Wednesday, July 20, 2022

Europe's mightiest river is drying up amid a record heatwave, causing shipping issues and deepening the continent's energy woes


An example of how climate disruption is contributing to inflation, in this case by increasing shipment costs and reducing supplies.


The River Rhine, one of Europe's most important rivers which is used to transport cargo including chemicals, grains, and coal across the continent, is drying up amid record-breaking summer heatwaves.

Germany's Federal Institute of Hydrology has warned that rivers in Central Europe are at "unusually low" levels and are continuing to fall.


Southwest Germany news outlet SWR reported that the low level of water is limiting shipping on the Rhine south of Duisburg and Cologne and that for days, freight ships haven't been able to travel fully-loaded.

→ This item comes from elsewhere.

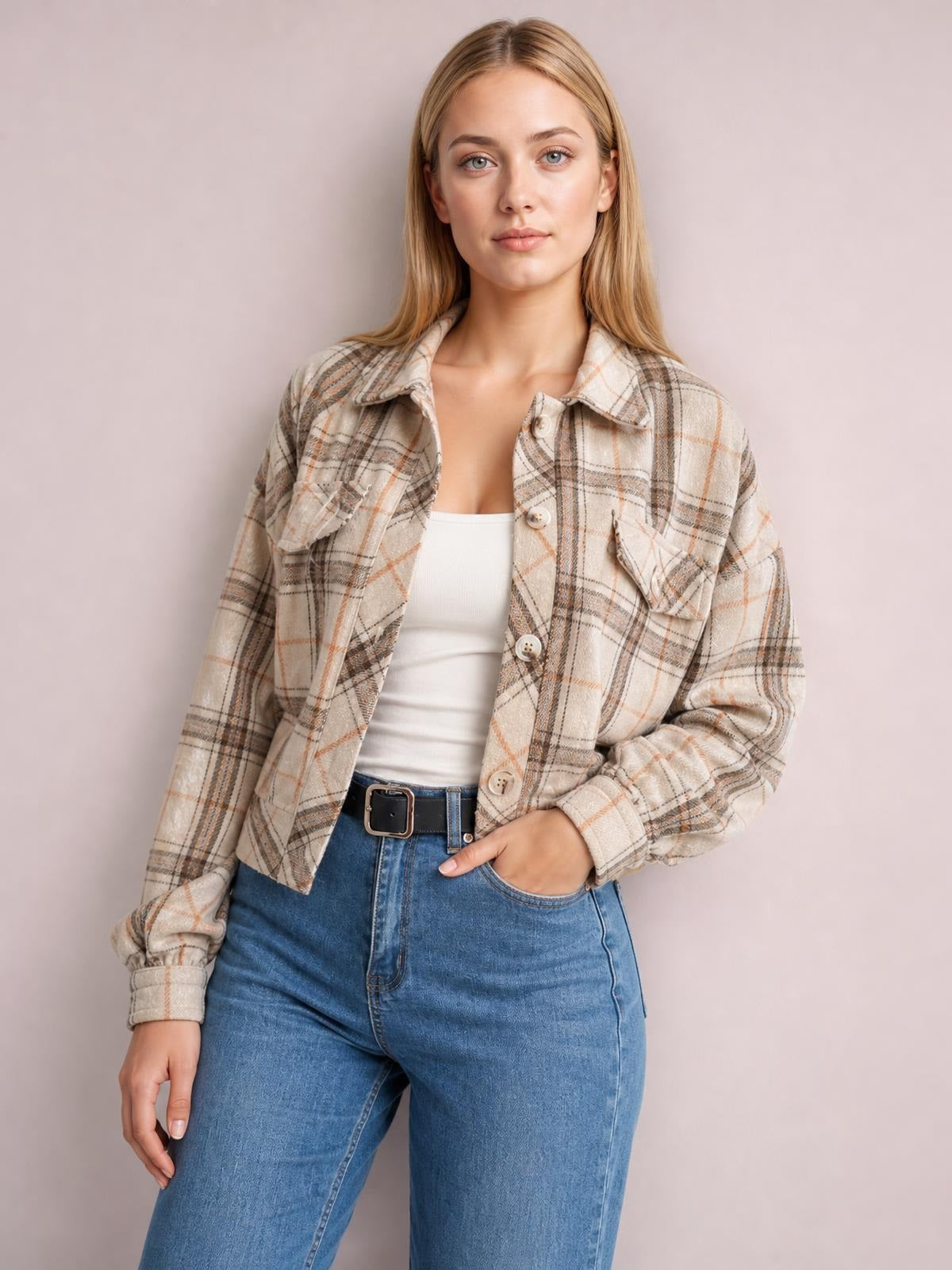 Model wears a beige plaid button-up long-sleeve jacket with a collared neckline, patch pockets, relaxed silhouette, and one hand tucked into her jeans pocket.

A representative for Germany's Federal Institute of Hydrology told Bloomberg that if the level at Kaub dips down to 40 centimeters (15.7 inches), it's uneconomical for vessels carrying commodities to sail past it given how little cargo they'd be able to carry.

The low water levels already impacting energy supplies. The supply of coal to two power stations in Germany – one in Mannheim and another in Karlsruhe – has been "affected" by low water levels in the Rhine since July 13, according to the EEX exchange.


 Low water levels on the Rhine having an economic impact has not been uncommon in recent years, with a lack of water in the river attributed in 2019 to causing a short-lived recession in Germany at the tail end of 2018.

Pantheon Macroeconomics said in January 2019 that low river levels effectively amount to a "supply shock in German manufacturing," by lowering the availability of key goods needed for the sector.